Specifically, Philips focused her study on the learning dynamics in Warm Springs Indian Reservation where some 1,500 descendants of the Warm Springs Sahaptin, Wasco, Chinook, and Paiute Indians who have began settling there in 1855, live. While originally from distinct tribes, these groups evolved into an almost homogenous community and came to share almost identical cultural backgrounds after more than a hundred years of sharing the same geographical home. Presently, these groups collectively call themselves the “tribe.”

In their efforts to improve the educational system in the reservation, the tribe encouraged the establishment of schools and scholarship programs. However, after many years of teaching Indian children using the standard methods implemented in US public schools, a clear trend has emerged, indicating that Indian students consistently perform poorly compared with non-Indian learners. Thoroughly examining this phenomenon, Philips demonstrates that there are pronounced differences between the social conditions that govern verbal discourses in classrooms and the conditions that allow Indian children to participate verbally in community activities, and that these differences in participant structures account for the poor educational performance of young Indian learners in Warm Springs.

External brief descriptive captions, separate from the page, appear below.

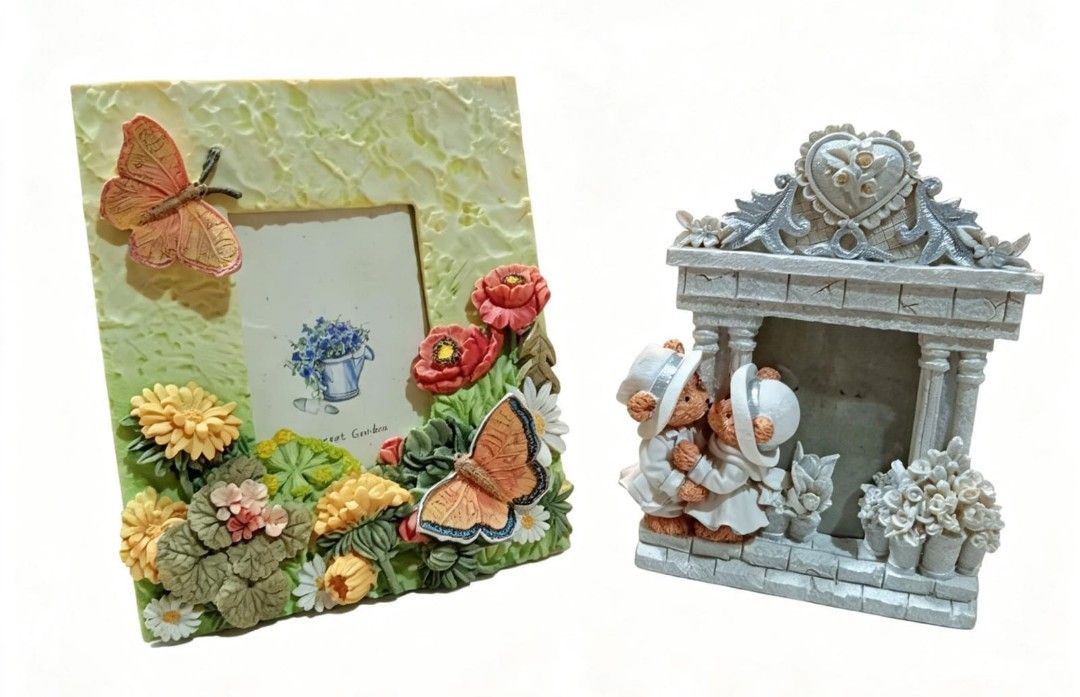 Decorative Picture Frames – Set of 2 (Category: Frames & Pictures) located in Paranaque City. Submitted by gentle.declutter (Listing ID 1455380804, Image 1). Description: 1. Butterfly Floral Frame – 6.5" × 5.25" - Vibrant 3D design: colorful butterflies & sculpted flowers on soft green textured background - Charming garden-style, detailed & well-crafted 2. Wedding Bears Frame – 4.5" × 6" - Romantic sculpted piece: sweet bear couple in wedding att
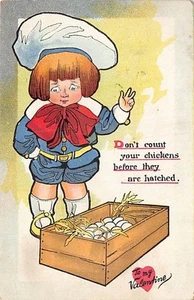 Postal: Don't Count Your Chicken..., Boy with Eggs, Tuck Nursery Don'ts, DB - Imagen 1 de 2
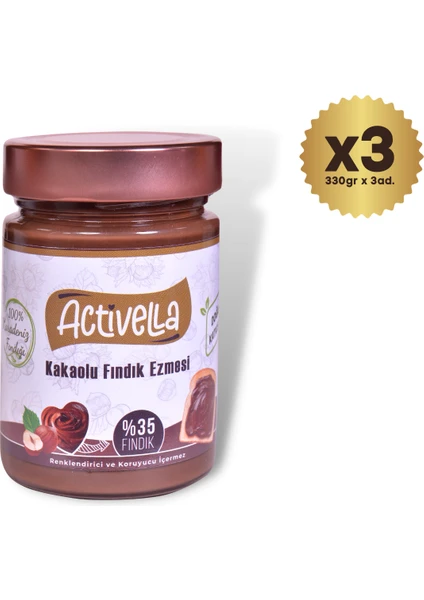 Kakaolu Fındık Ezmesi 330 gr %35 Fındıklı x 3 Adet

Philips provided a comparative context for her study by making observations of all-Indian and non-Indian or white grammar school classes at first and sixth grade levels. Philips also considered Indian social conditions to determine how Indian children verbally participate during community gatherings. These are some of the participant structures Philips probed to show the disconnect between standard verbal communication dynamics in the classroom and the culturally charged verbal opportunities allowed or encouraged by the community. As demonstrated, this disconnect causes the communicative competence issues being reported on Indian learners.

The four participant structures Philips discussed in her article are 1) the teacher speaking to the group of students; 2) a student who has volunteered or has been asked by the teacher to speak in front of the class; 3) students working independently but each having access to the teacher for a one-on-one verbal engagement; and, 4) student groups controlled by the students themselves. Young Indian learners exhibit unusually high hesitance to participate in the first two participant structures while they strongly engage in verbal encounters in the third and fourth participant structures. Notably in all participant structures, Indian children refuse to assume leadership roles in verbal encounters.

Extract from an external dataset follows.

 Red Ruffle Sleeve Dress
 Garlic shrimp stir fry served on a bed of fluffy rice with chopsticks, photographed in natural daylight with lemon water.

Meantime, participant structures at home and in the community are radically different from those in schools. First, in Warm Springs community activities where children are allowed to participate, any member my verbally communicate in various ways. There are no distinctions between performer and audience because everyone can participate. Each community member is also allowed to decide how much she wants to participate. In these community activities, there is no single leader that controls the engagements unlike in classrooms where the teacher pretty much controls all the learning processes. On the other hand, community activities like dancing, singing, and drumming, require no soloists. This strongly reflects on speaking roles allowed by the community. Indian children also required or encouraged to observe adult interactions. Moreover, there is a marked absence of skill testing similar to quizzes, graded recitations, and exams being done in classrooms. In Warm Springs, learners conduct private self- tests to gauge their own proficiency with a given skill. Only when they are certain that they have developed sufficient skill will they publicly demonstrate what they have learned. Often, the demonstration is also nonverbal, such as a shot deer or a properly prepared dinner on the table. Lastly, use of speech is minimal in most participant structures in Indian communities.

These contextual differences account for the inappropriateness of western teaching models as applied in Native American contexts and will likely prolong historical inequalities if left unchanged and unresponsive to the cultural preferences of Native American learners.